*DATASET:*

━━━━━━━━

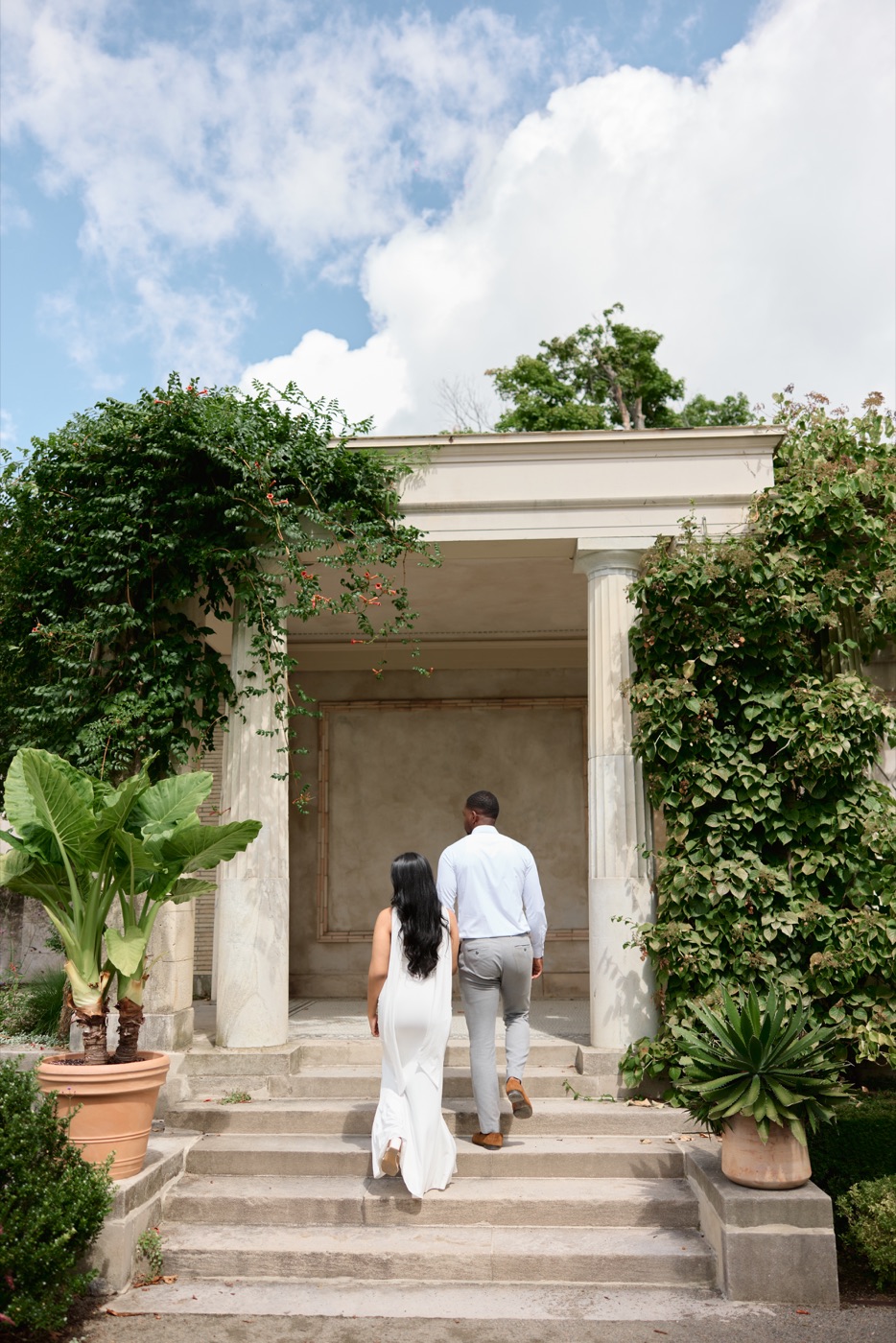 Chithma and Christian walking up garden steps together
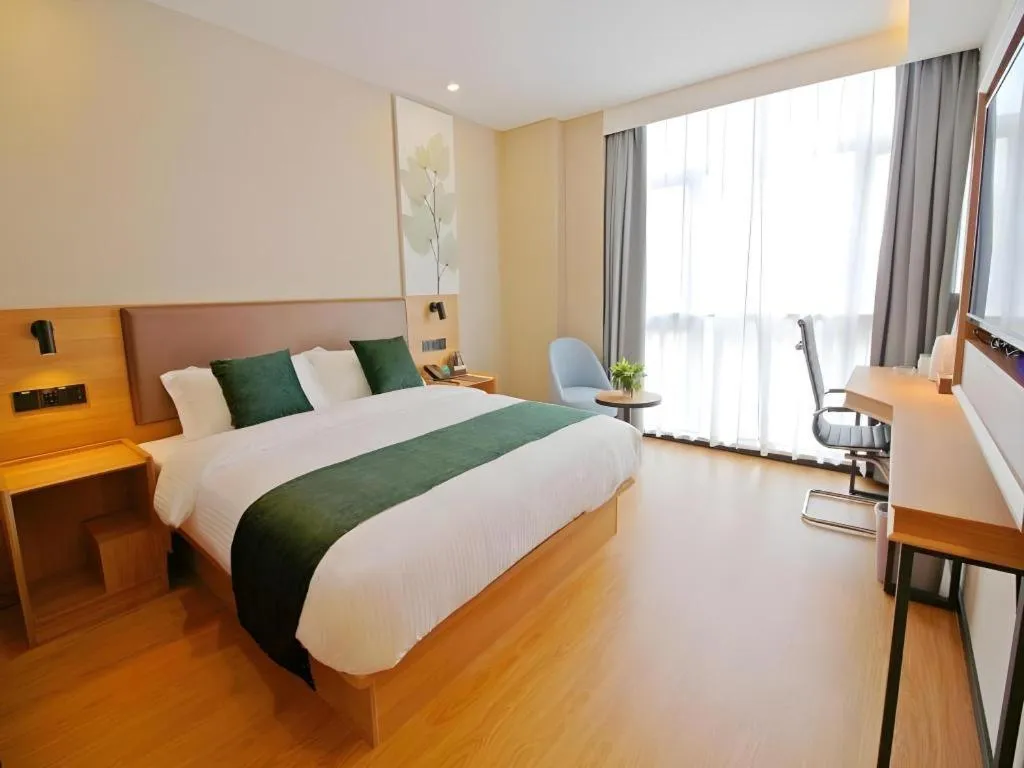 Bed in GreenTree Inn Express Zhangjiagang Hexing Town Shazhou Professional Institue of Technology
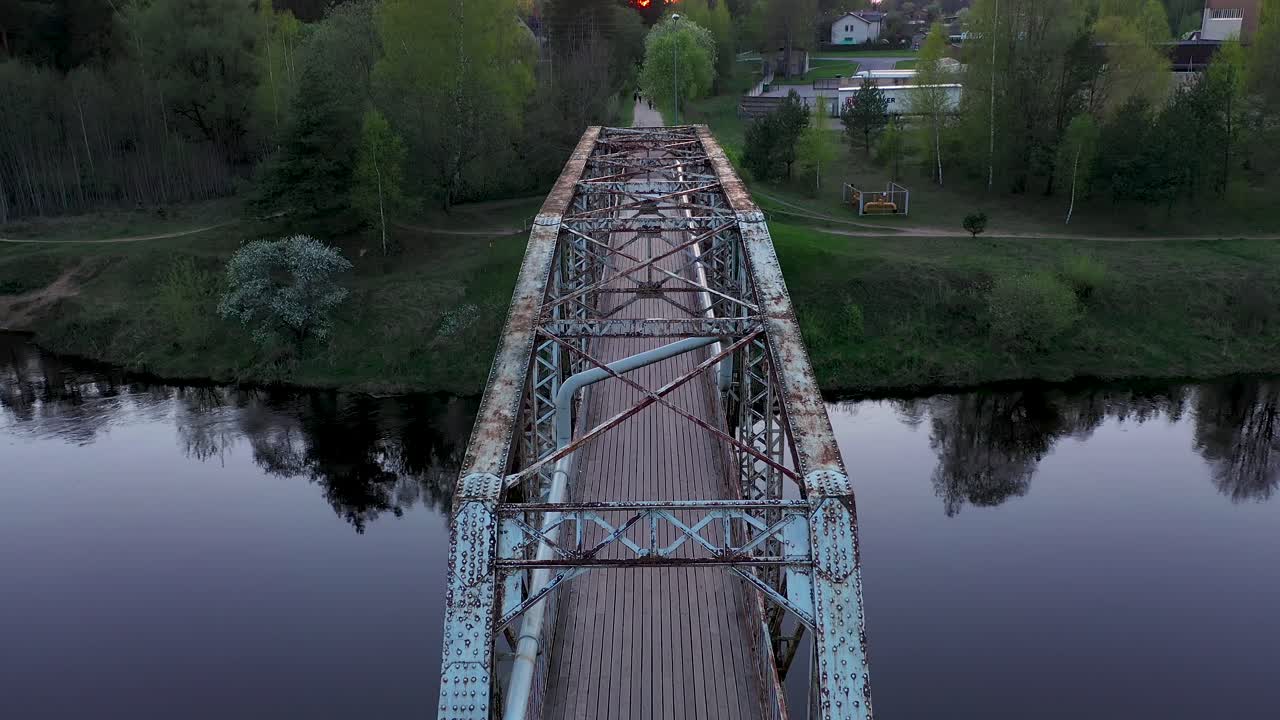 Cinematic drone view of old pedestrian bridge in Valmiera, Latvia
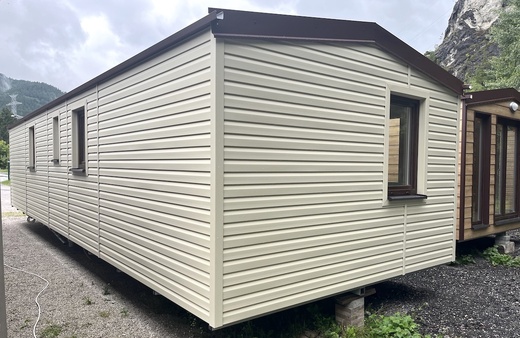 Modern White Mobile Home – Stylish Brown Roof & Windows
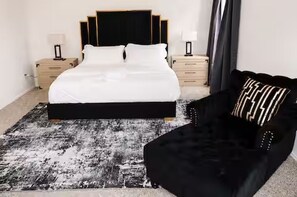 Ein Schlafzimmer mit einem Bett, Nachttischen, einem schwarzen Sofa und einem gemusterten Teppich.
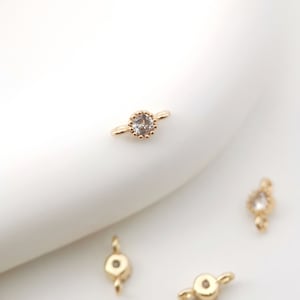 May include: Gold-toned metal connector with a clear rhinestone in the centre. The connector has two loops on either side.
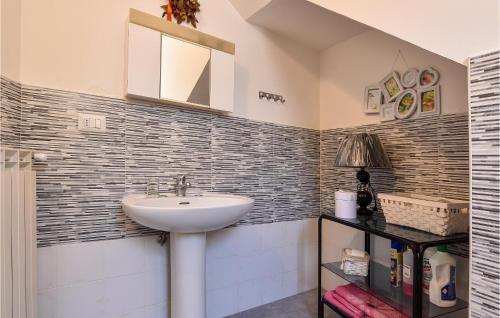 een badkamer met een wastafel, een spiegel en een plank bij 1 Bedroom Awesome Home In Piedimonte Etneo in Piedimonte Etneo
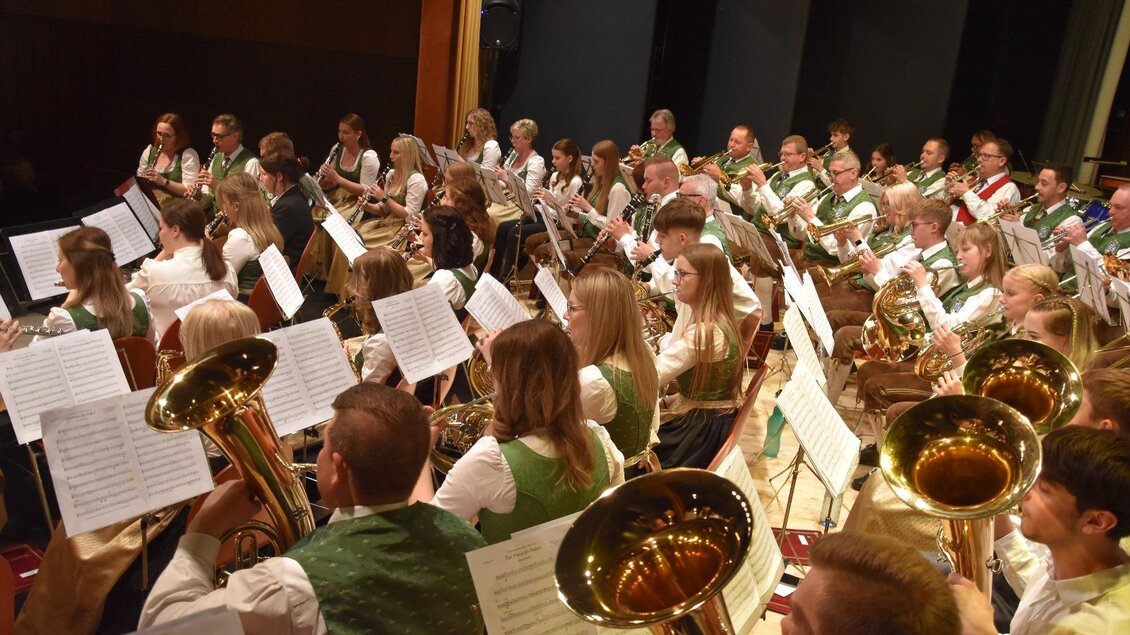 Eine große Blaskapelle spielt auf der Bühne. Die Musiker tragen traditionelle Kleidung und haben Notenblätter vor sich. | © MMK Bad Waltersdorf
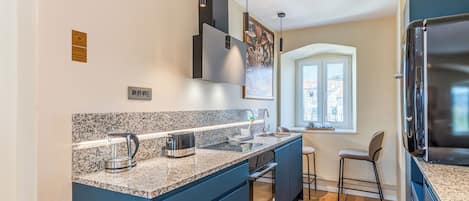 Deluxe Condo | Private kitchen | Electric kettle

━━━━━━━━

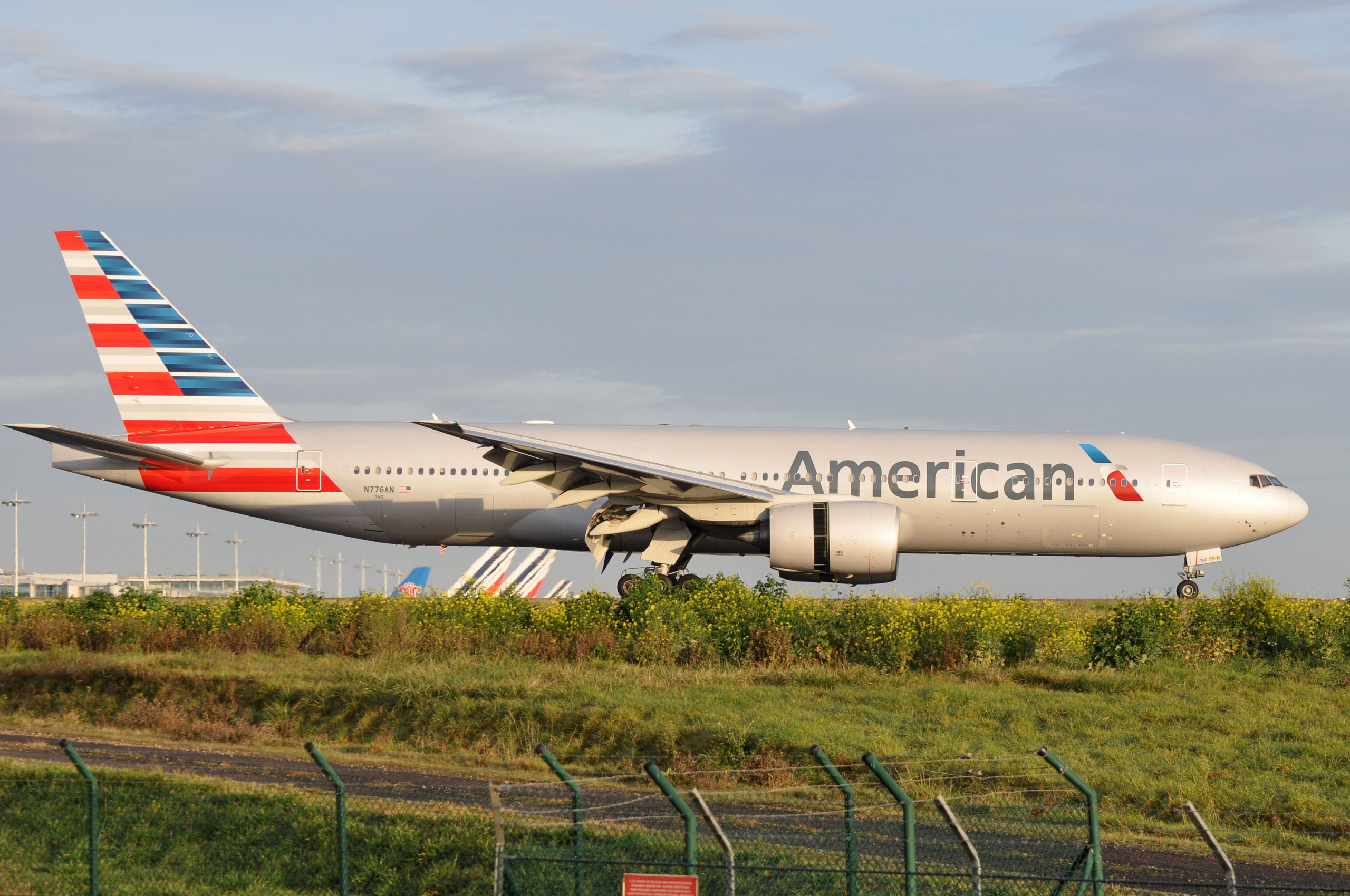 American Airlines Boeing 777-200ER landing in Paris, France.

━━━━━━━━

*WHAT THE TASK REQUIRES:* Quote word for word only the lines above from the one containing "Bed in GreenTree" through the one containing "May include: Gold-toned". Pictures stay out of your copy.

*OUTPUT OF THE TASK:*
 Bed in GreenTree Inn Express Zhangjiagang Hexing Town Shazhou Professional Institue of Technology
 Cinematic drone view of old pedestrian bridge in Valmiera, Latvia
 Modern White Mobile Home – Stylish Brown Roof & Windows
 Ein Schlafzimmer mit einem Bett, Nachttischen, einem schwarzen Sofa und einem gemusterten Teppich.
 May include: Gold-toned metal connector with a clear rhinestone in the centre. The connector has two loops on either side.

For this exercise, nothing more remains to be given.